• _Task to complete_:
The reply should contain all the data below, repeated exactly, and none of the images.

• _Source material_:

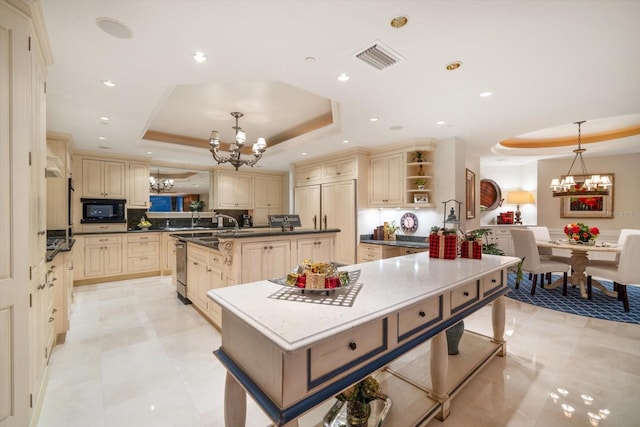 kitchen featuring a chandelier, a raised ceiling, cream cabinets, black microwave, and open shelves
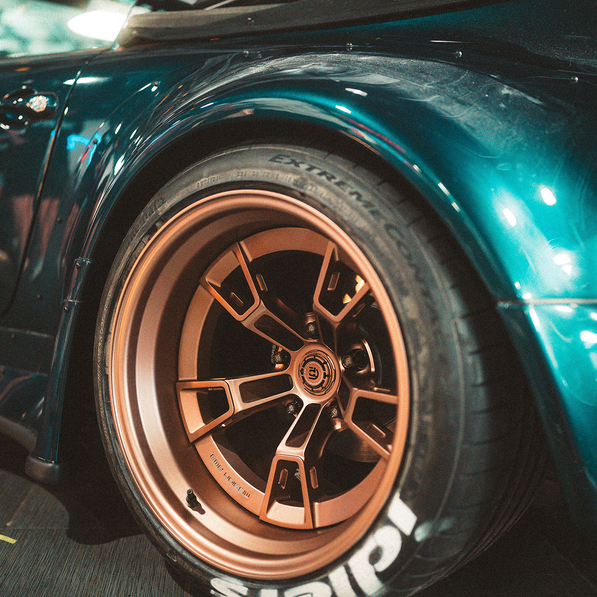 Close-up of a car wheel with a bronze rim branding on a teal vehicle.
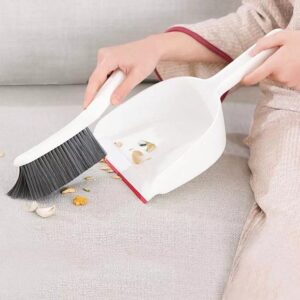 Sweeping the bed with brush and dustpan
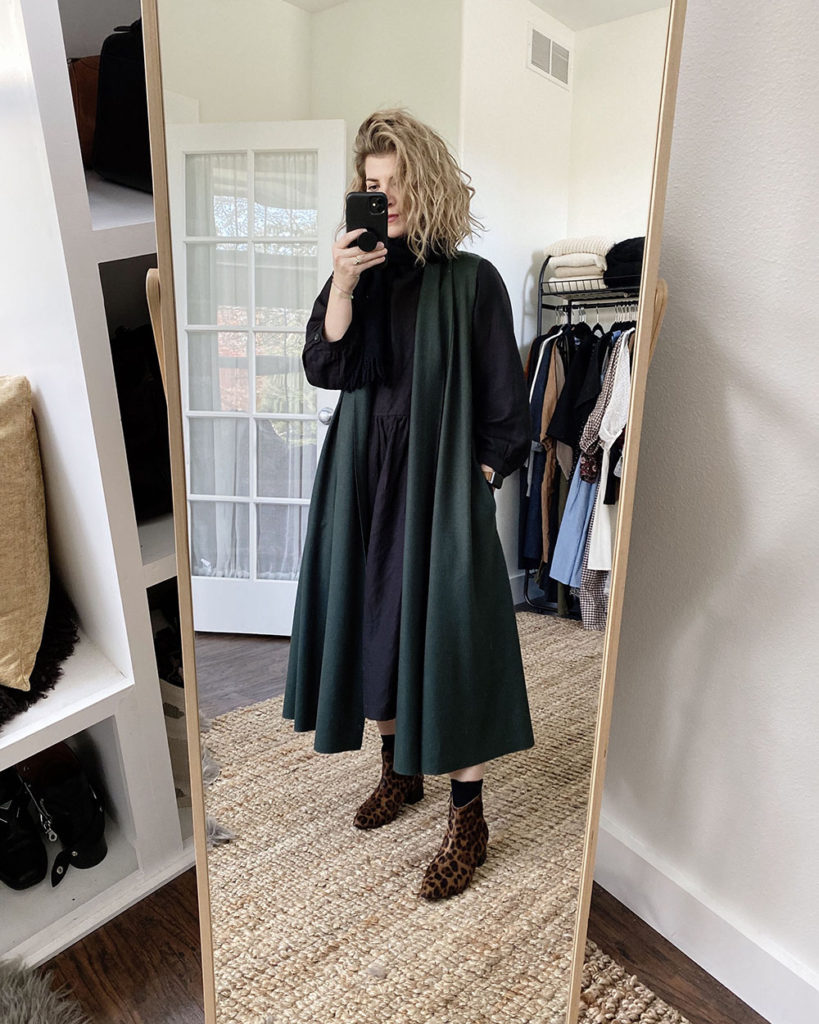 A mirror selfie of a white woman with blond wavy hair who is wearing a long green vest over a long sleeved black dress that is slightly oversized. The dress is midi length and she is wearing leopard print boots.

• _Solved exercise_:
 kitchen featuring a chandelier, a raised ceiling, cream cabinets, black microwave, and open shelves
 Close-up of a car wheel with a bronze rim branding on a teal vehicle.
 Sweeping the bed with brush and dustpan
 A mirror selfie of a white woman with blond wavy hair who is wearing a long green vest over a long sleeved black dress that is slightly oversized. The dress is midi length and she is wearing leopard print boots.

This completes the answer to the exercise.